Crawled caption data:
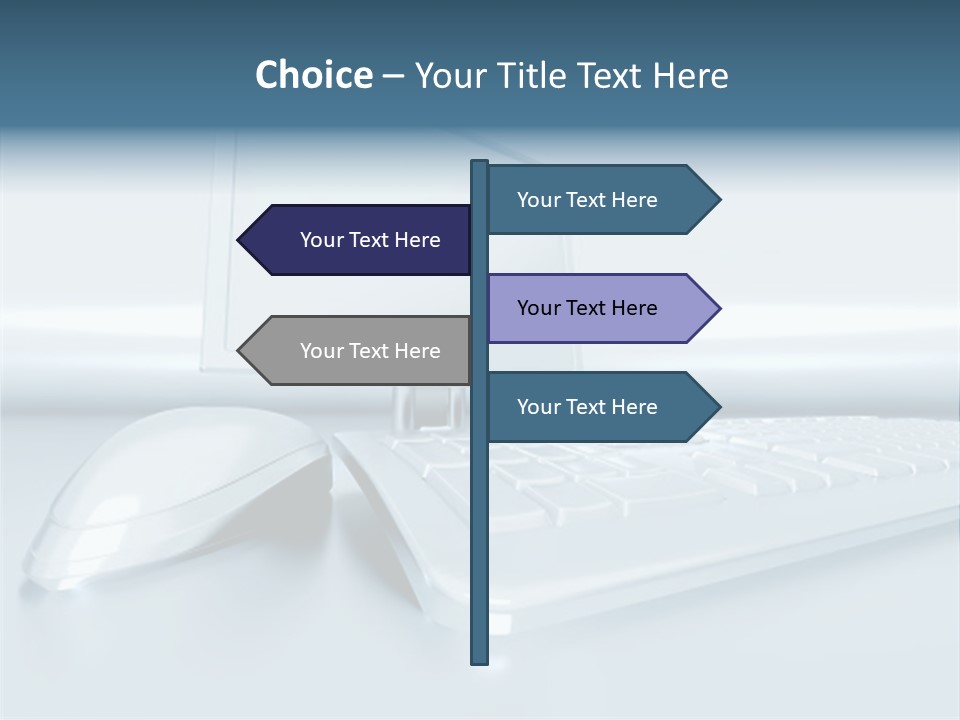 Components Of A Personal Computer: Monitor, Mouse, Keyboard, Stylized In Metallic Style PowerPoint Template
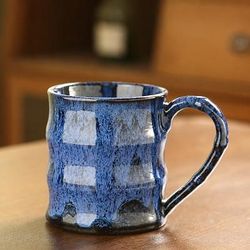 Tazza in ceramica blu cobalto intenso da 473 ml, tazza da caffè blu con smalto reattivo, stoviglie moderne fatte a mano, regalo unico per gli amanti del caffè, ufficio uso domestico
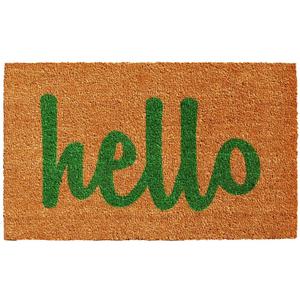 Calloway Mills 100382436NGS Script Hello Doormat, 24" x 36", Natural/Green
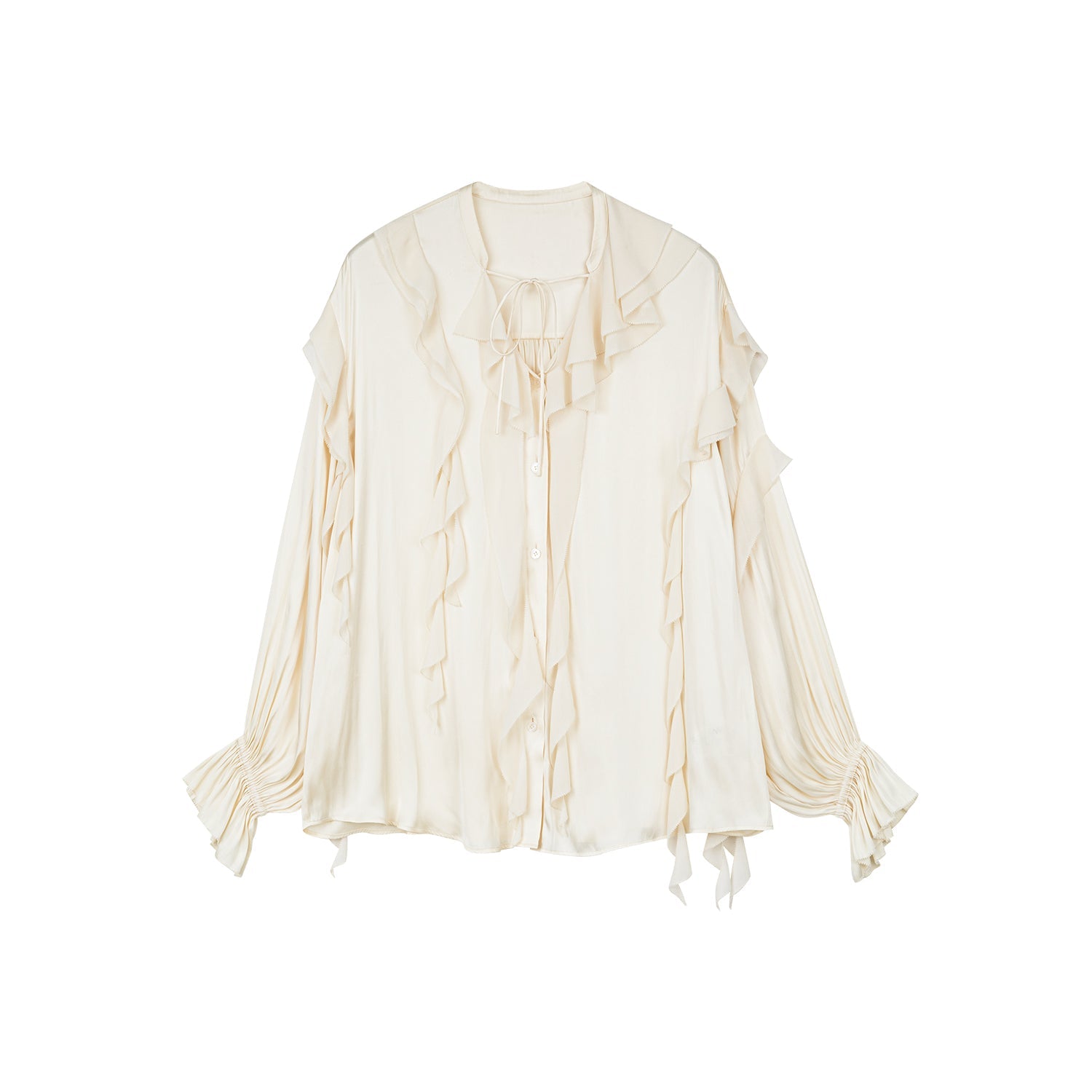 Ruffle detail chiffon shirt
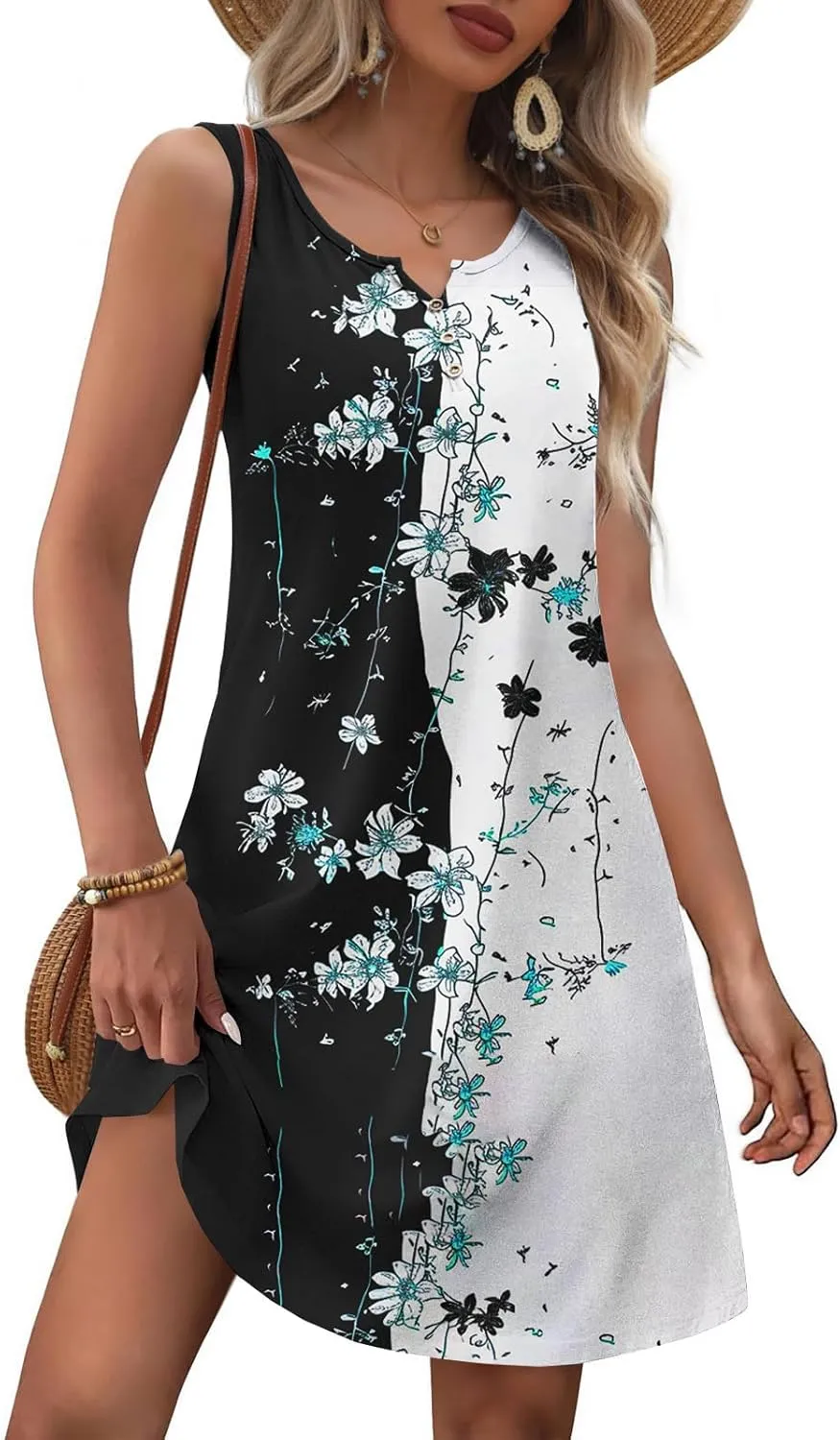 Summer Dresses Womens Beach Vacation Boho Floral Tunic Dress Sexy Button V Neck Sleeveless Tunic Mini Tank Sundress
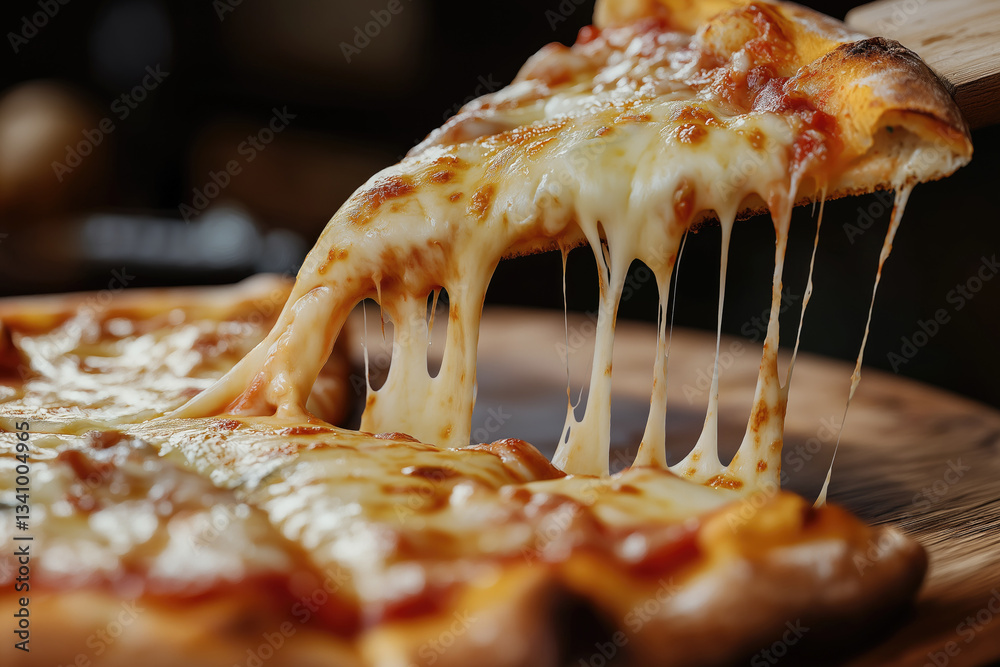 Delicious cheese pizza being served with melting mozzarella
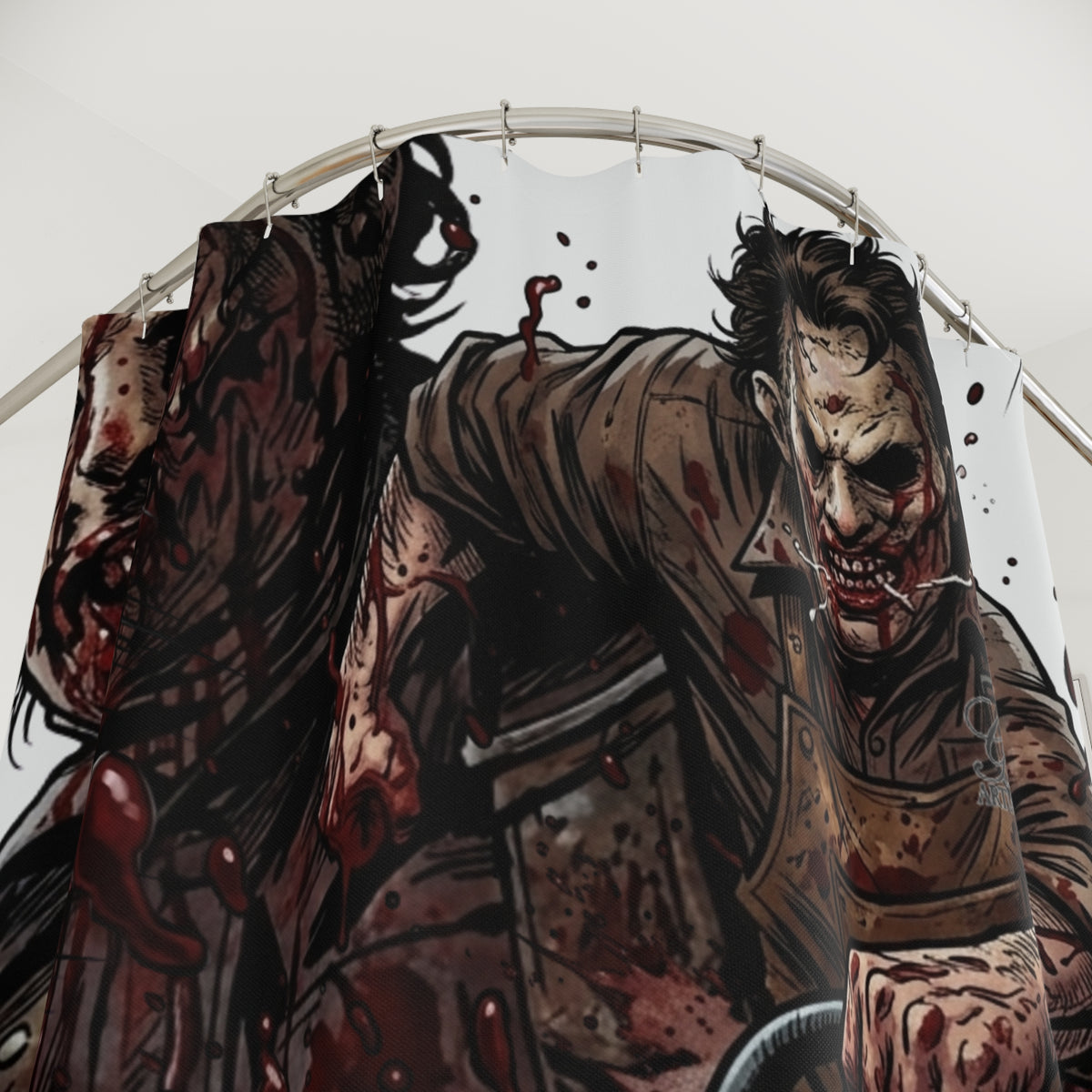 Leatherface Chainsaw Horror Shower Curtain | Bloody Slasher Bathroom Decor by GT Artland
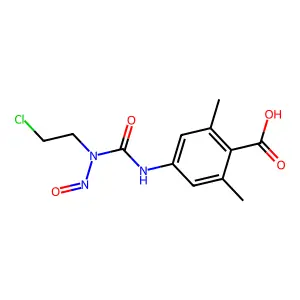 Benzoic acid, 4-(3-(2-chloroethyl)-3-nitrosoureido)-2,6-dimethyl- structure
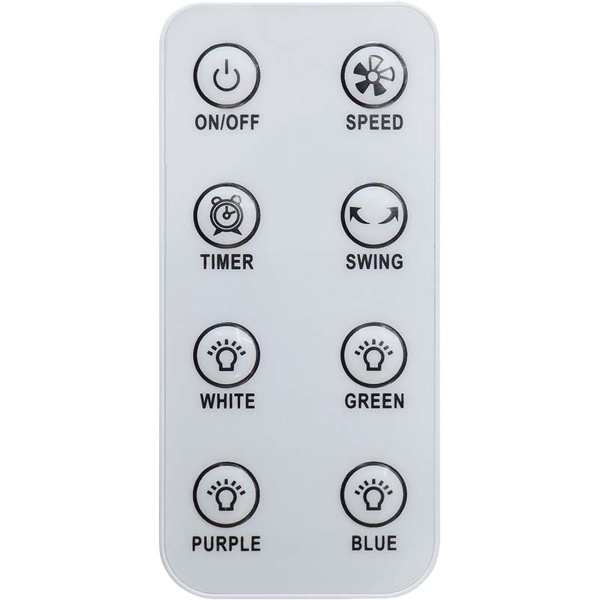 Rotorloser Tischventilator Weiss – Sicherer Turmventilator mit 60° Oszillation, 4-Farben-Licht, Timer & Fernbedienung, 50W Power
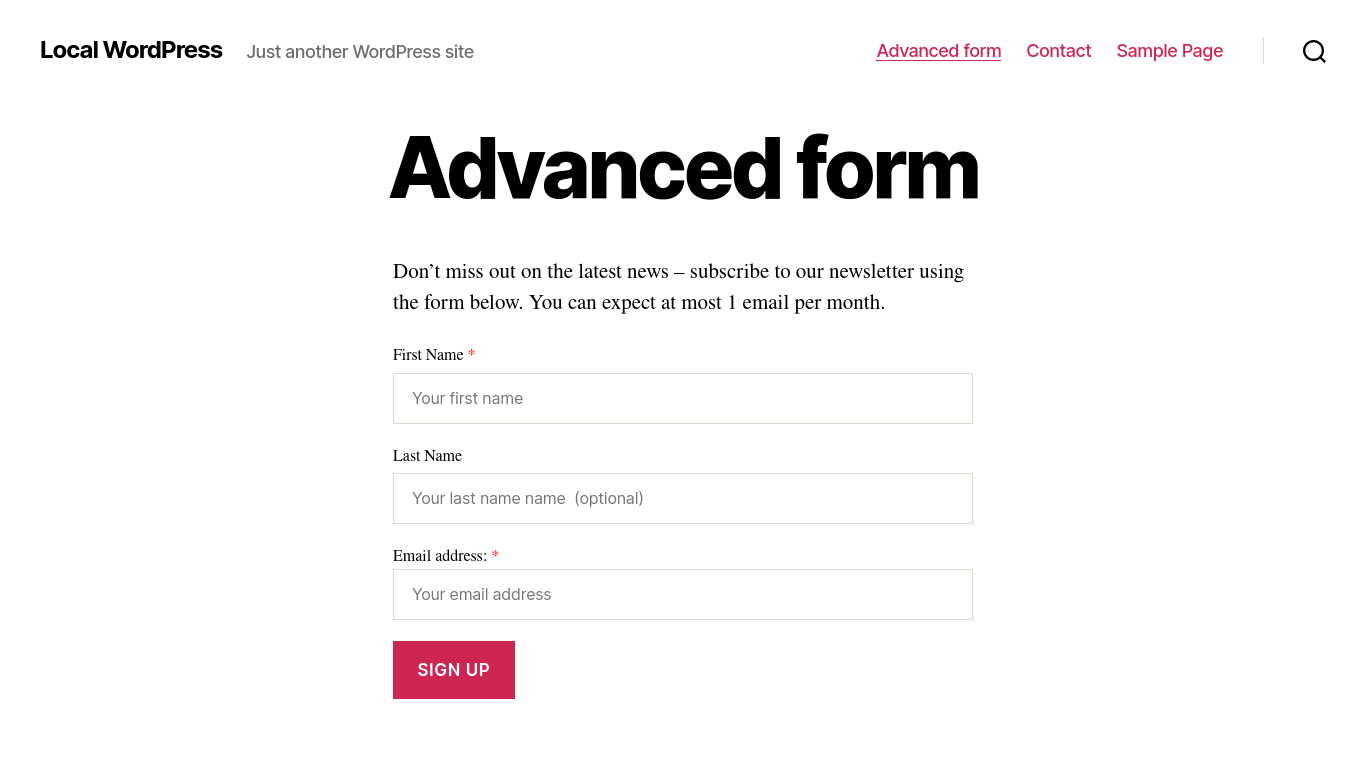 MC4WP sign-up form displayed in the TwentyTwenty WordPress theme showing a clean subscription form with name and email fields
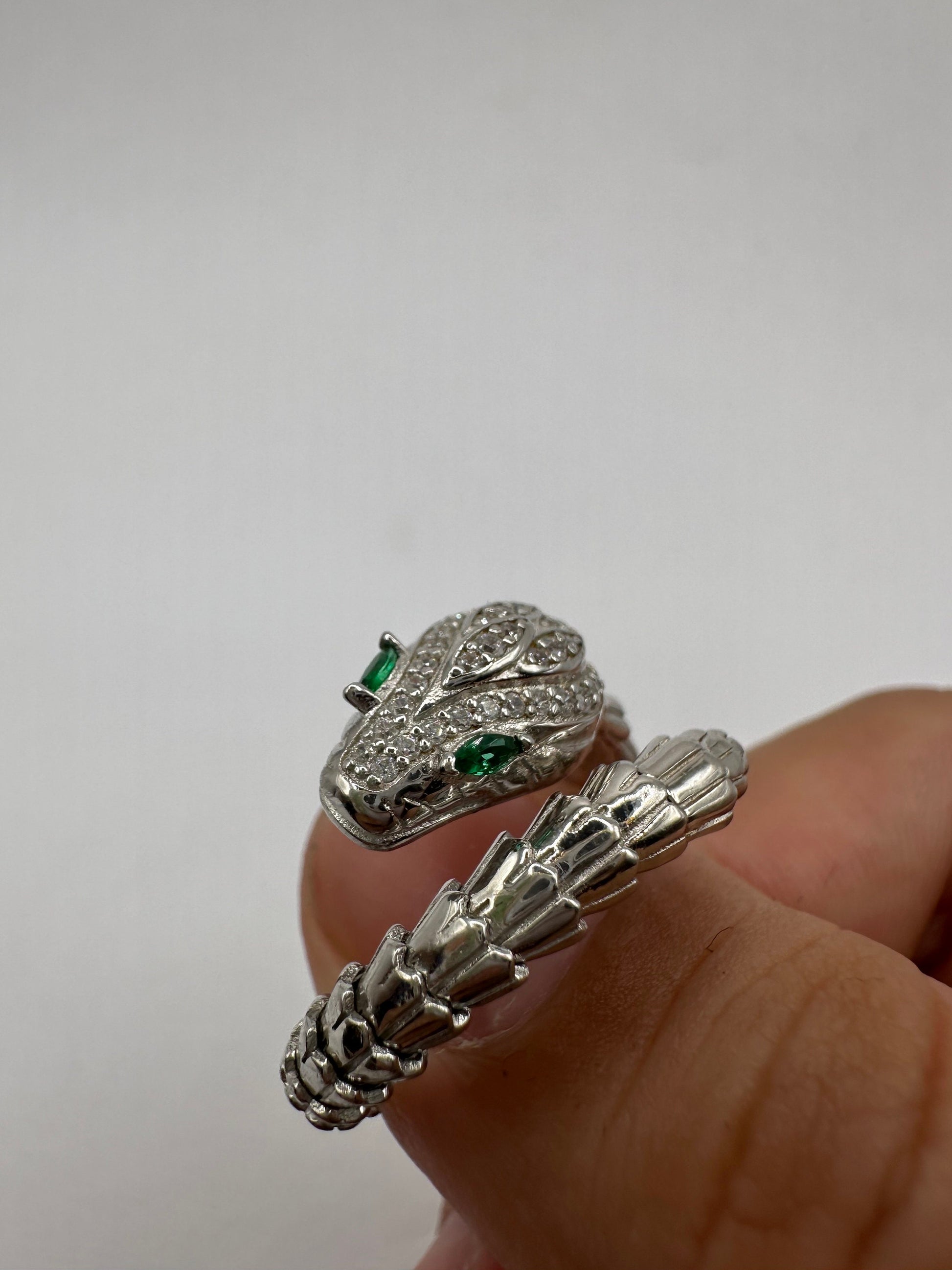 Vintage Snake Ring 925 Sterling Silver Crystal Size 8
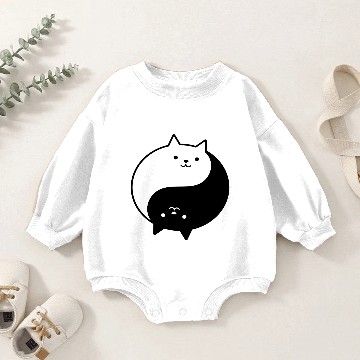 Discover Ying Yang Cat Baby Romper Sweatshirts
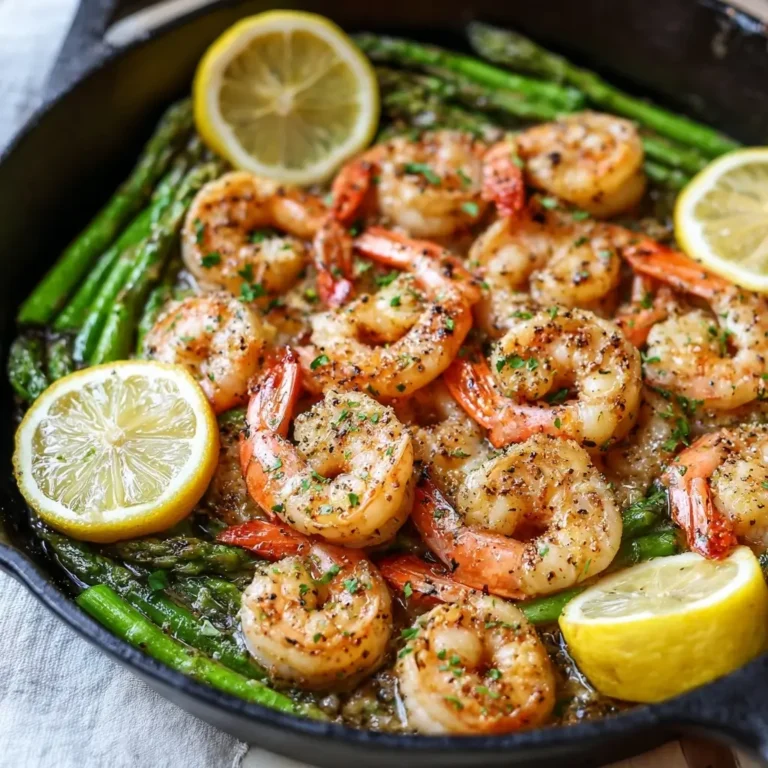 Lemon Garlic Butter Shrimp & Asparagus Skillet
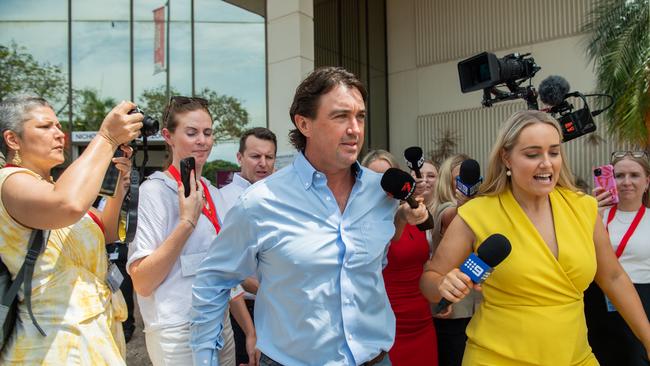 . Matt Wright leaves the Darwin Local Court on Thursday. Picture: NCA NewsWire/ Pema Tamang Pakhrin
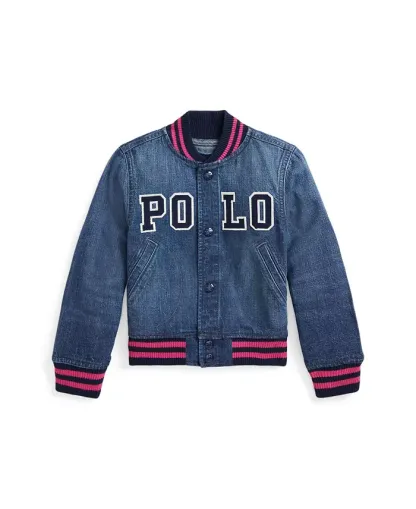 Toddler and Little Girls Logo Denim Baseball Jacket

### WORK TO COMPLETE
Copy exactly the lines from the one containing "Delicious cheese pizza" to the end of the records, both included, and leave the pictures out.

### ANSWER BOX
 Delicious cheese pizza being served with melting mozzarella
 Leatherface Chainsaw Horror Shower Curtain | Bloody Slasher Bathroom Decor by GT Artland
 Benzoic acid, 4-(3-(2-chloroethyl)-3-nitrosoureido)-2,6-dimethyl- structure
 Rotorloser Tischventilator Weiss – Sicherer Turmventilator mit 60° Oszillation, 4-Farben-Licht, Timer & Fernbedienung, 50W Power
 MC4WP sign-up form displayed in the TwentyTwenty WordPress theme showing a clean subscription form with name and email fields
 Vintage Snake Ring 925 Sterling Silver Crystal Size 8
 Discover Ying Yang Cat Baby Romper Sweatshirts
 Lemon Garlic Butter Shrimp & Asparagus Skillet
 . Matt Wright leaves the Darwin Local Court on Thursday. Picture: NCA NewsWire/ Pema Tamang Pakhrin
 Toddler and Little Girls Logo Denim Baseball Jacket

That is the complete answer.